PROVIDED INFORMATION -
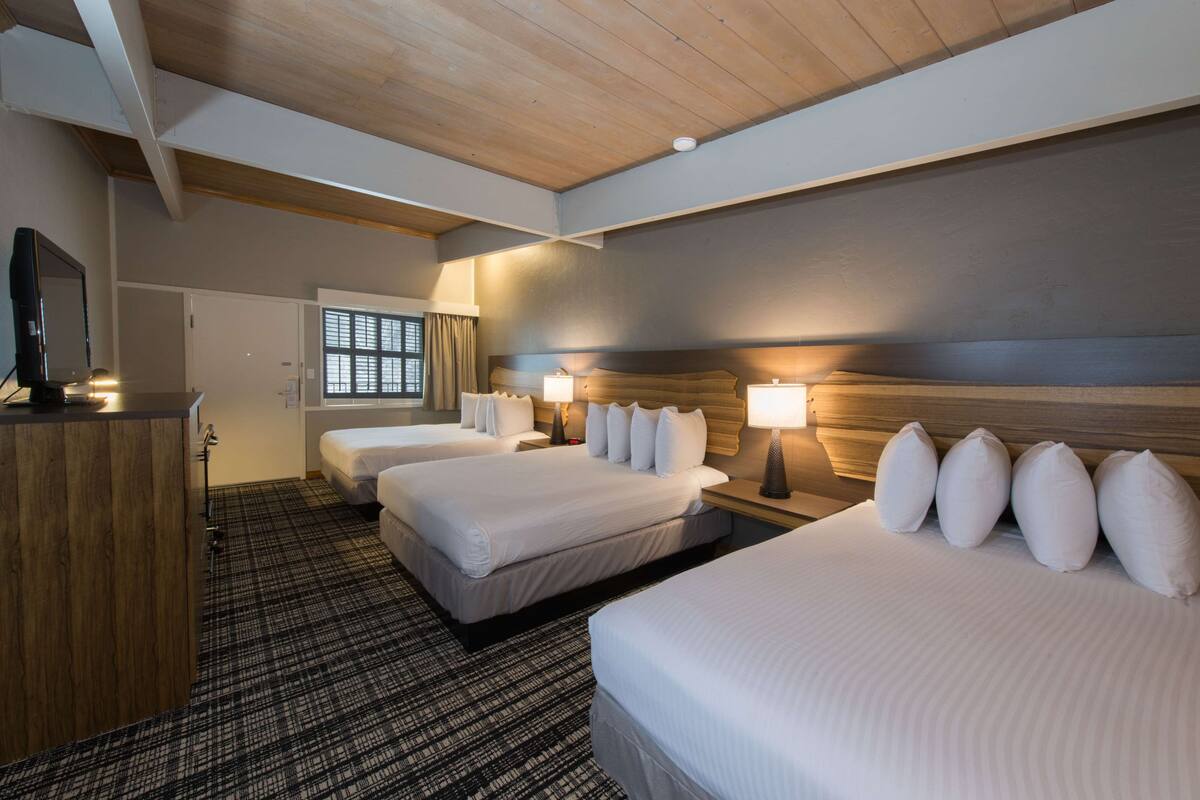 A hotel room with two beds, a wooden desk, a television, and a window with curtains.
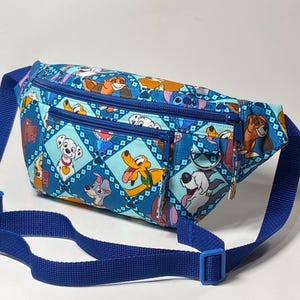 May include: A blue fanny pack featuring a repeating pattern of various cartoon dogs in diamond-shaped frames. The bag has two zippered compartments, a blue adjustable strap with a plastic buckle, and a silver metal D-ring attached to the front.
...
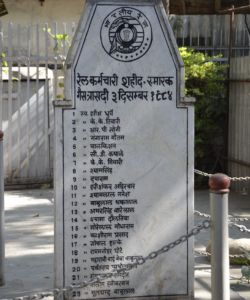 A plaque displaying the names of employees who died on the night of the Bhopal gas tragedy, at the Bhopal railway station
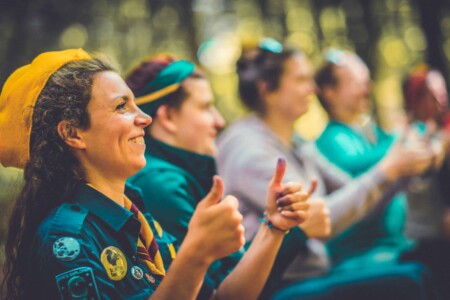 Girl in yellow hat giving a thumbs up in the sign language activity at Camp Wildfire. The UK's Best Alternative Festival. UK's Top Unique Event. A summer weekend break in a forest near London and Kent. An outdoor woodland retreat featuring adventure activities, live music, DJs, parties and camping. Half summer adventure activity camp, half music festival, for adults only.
---
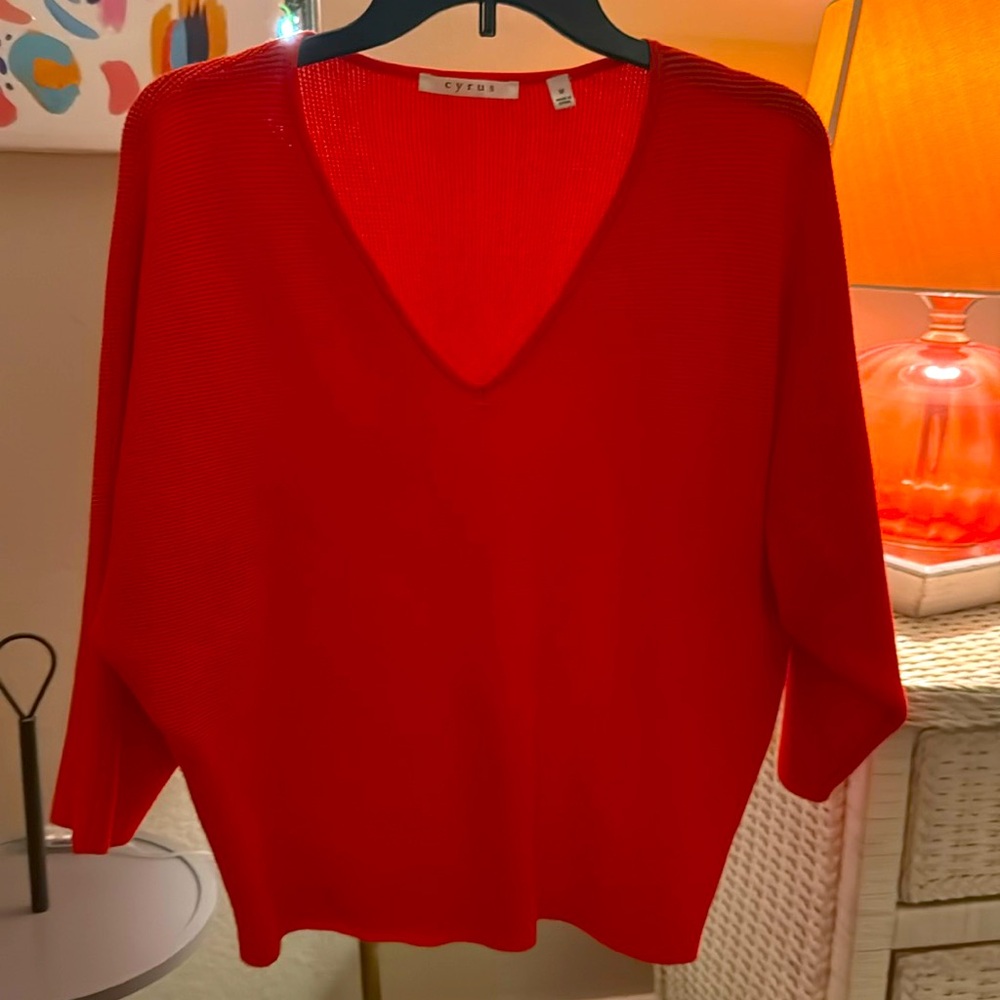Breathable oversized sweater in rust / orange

INSTRUCTIONS FOR THE TASK - Exactly as written above, retype the lines starting at the one holding "A hotel room" and ending at the one holding "May include: A", both included, but not the pictures.

OUTPUT -
 A hotel room with two beds, a wooden desk, a television, and a window with curtains.
 May include: A blue fanny pack featuring a repeating pattern of various cartoon dogs in diamond-shaped frames. The bag has two zippered compartments, a blue adjustable strap with a plastic buckle, and a silver metal D-ring attached to the front.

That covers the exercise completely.